Tomorrow, Molly will “present” herself to the local government officials and begin some legwork on her research project. The meeting is subject to the rules of “Mexican time,” which means there’s a good chance it won’t happen at all. Such things used to trouble me more, before we got our refrigerator. This morning we had cold milk with our Raisin Bran. If I can count on leche fria, I just might make it through this.

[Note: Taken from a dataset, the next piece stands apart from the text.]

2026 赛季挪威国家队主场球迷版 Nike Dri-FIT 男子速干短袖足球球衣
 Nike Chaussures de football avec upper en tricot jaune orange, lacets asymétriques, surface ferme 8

The widespread poverty presents us with daily ethical dilemmas. We have a limited supply of money for food and basic necessities—grant money from the research foundation. Our own meager savings is paying for storage back in the U.S. We simply can’t afford to support our host family. That was never part of the deal. We can’t do it, or we’ll run out of money, forcing us to return to the U.S. before Molly can complete her data collection, which is slated to take nine months. So we had to stop having dinner with them every night, because night after night we ended up paying for all the food (despite clear, repeated agreements to split the cost). Although I’m no longer going to bed hungry, the new arrangement has created an awkward dynamic. The fact is, some nights they don’t eat. Tonight, it turns out we had enough to offer them some leftovers, but this hasn’t always been and won’t always be the case. I hate to think of the kids eating cheese doodles for dinner, but we can’t feed them every day. We just can’t do it.

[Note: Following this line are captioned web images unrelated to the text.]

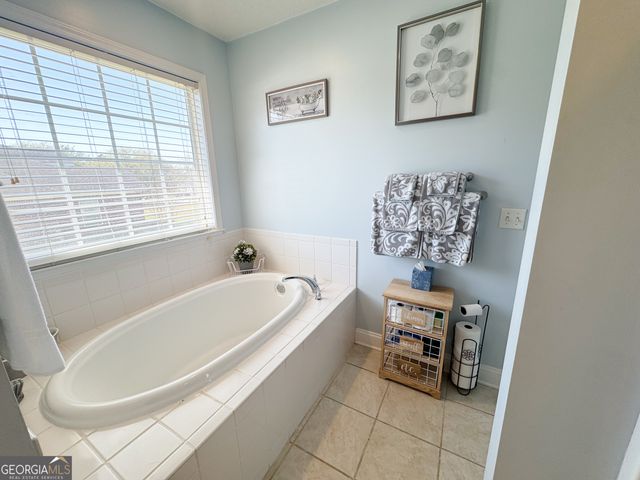 615 Waverly Lane, Statesboro, GA 30458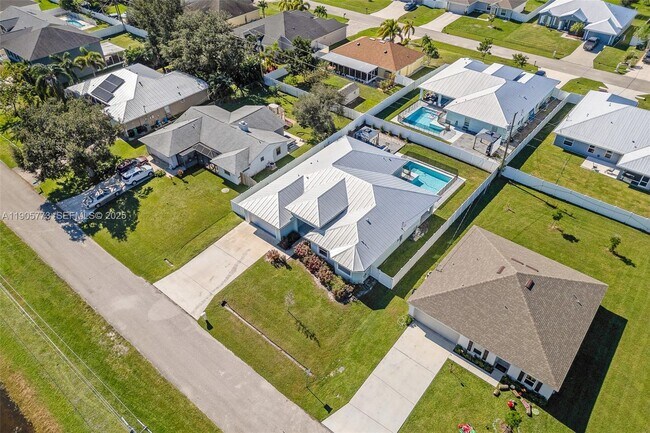 Photo - 4609 SW Pearl St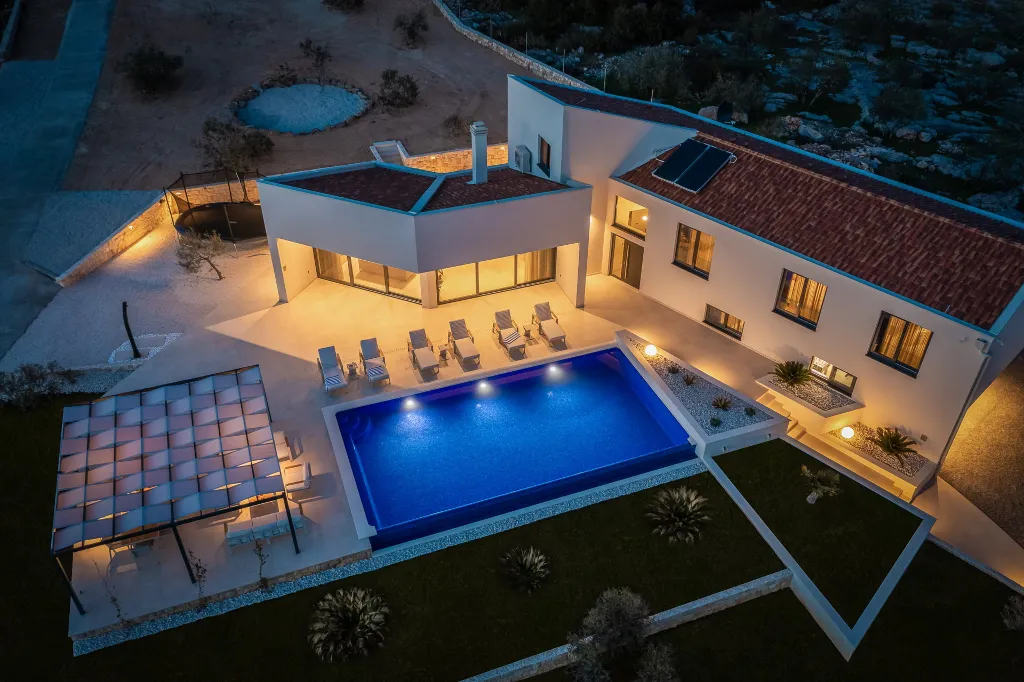 Modern Villa with Pool in Marina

Molly says she will “work it out” – her standard reply to my incessant whining and worrying. I know she’s keeping them financially afloat somehow, under my radar, but at this point I’m just going to have to accept my powerlessness in this strange universe. Some things refuse to be pummeled into submission.

*

It’s early Saturday morning and I’m enjoying two of my favorite pastimes: reading Henry Miller and swatting insects. Molly bought me the fly swatter in town, after she met with the government officials about doing her research. I can feel the sense of powerlessness giving way to strength of will. I am now an active participant in my environment. Things buzz and creep and swoop and I, in response to each and all, swat. I’m ruthless, too, stalking my adversaries with the patience and alacrity of a Venus flytrap. “Alacrity” – such a word only comes to me when I’m reading Miller. It’s hard to believe it’s been over ten years since I first stumbled across Tropic of Capricorn in the laundry room of my apartment complex in San Francisco, an event that more than any other ushered me into the world of art and creativity.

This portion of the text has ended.